Your job is to set down the stretch of entries that opens with the line containing "Meias de BrindeAvexa" and closes with the line containing "工业人刷到这防爆电动扳手直接走不动道了！". Keep both end lines, copy each exactly, and add nothing.
START Records for the exercise
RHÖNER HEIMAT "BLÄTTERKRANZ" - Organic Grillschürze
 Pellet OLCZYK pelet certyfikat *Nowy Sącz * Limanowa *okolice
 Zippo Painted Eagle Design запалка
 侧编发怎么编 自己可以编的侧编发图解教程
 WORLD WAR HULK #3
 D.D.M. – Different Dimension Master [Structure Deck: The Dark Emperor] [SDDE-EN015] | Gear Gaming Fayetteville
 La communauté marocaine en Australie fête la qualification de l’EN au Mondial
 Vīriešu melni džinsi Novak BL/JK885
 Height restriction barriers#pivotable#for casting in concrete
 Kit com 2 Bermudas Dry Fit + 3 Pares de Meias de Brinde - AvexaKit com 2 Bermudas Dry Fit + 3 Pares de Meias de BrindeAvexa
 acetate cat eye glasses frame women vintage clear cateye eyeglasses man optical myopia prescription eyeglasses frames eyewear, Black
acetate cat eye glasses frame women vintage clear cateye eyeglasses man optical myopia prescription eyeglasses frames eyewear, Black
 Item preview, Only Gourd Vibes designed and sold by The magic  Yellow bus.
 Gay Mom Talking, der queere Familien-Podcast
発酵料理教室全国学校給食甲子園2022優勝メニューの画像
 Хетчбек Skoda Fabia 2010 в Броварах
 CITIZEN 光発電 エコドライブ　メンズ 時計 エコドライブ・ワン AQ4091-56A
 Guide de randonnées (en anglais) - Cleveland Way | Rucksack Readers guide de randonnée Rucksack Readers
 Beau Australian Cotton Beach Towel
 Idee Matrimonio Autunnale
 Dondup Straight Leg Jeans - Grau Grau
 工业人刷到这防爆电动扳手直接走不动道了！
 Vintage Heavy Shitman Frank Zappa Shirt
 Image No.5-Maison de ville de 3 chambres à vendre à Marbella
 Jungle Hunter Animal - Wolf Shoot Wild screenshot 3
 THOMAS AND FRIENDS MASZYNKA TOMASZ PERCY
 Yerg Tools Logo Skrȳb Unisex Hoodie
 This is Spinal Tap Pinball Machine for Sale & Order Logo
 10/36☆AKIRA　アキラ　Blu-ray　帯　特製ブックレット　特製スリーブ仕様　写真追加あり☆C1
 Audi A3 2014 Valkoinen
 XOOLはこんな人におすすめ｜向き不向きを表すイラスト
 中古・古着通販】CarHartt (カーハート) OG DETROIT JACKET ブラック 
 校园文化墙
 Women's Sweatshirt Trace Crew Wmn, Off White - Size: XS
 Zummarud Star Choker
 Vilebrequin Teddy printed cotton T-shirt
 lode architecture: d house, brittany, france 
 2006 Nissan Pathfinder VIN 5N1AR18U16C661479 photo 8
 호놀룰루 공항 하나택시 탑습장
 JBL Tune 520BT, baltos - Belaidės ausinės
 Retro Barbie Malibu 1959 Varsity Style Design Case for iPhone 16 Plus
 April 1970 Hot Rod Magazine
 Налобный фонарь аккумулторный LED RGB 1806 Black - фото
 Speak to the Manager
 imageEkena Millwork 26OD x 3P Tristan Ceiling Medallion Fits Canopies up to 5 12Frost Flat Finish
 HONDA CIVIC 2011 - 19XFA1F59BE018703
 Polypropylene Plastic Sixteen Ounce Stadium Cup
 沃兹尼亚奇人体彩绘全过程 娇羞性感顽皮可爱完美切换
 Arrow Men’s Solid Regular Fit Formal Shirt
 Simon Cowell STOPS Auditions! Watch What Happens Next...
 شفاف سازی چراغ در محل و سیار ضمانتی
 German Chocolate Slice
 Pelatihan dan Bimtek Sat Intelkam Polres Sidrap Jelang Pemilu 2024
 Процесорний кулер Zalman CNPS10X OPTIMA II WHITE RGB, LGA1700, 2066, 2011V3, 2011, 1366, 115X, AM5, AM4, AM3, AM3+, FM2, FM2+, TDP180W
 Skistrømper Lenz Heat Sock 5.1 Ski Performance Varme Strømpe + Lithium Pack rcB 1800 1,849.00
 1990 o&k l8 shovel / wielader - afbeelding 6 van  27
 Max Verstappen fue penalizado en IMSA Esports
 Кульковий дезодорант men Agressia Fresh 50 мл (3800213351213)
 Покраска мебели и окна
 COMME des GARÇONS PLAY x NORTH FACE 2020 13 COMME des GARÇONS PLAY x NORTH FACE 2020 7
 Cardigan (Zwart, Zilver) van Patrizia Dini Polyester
END Records for the exercise
Written response ▸
 Kit com 2 Bermudas Dry Fit + 3 Pares de Meias de Brinde - AvexaKit com 2 Bermudas Dry Fit + 3 Pares de Meias de BrindeAvexa
 acetate cat eye glasses frame women vintage clear cateye eyeglasses man optical myopia prescription eyeglasses frames eyewear, Black
acetate cat eye glasses frame women vintage clear cateye eyeglasses man optical myopia prescription eyeglasses frames eyewear, Black
 Item preview, Only Gourd Vibes designed and sold by The magic  Yellow bus.
 Gay Mom Talking, der queere Familien-Podcast
発酵料理教室全国学校給食甲子園2022優勝メニューの画像
 Хетчбек Skoda Fabia 2010 в Броварах
 CITIZEN 光発電 エコドライブ　メンズ 時計 エコドライブ・ワン AQ4091-56A
 Guide de randonnées (en anglais) - Cleveland Way | Rucksack Readers guide de randonnée Rucksack Readers
 Beau Australian Cotton Beach Towel
 Idee Matrimonio Autunnale
 Dondup Straight Leg Jeans - Grau Grau
 工业人刷到这防爆电动扳手直接走不动道了！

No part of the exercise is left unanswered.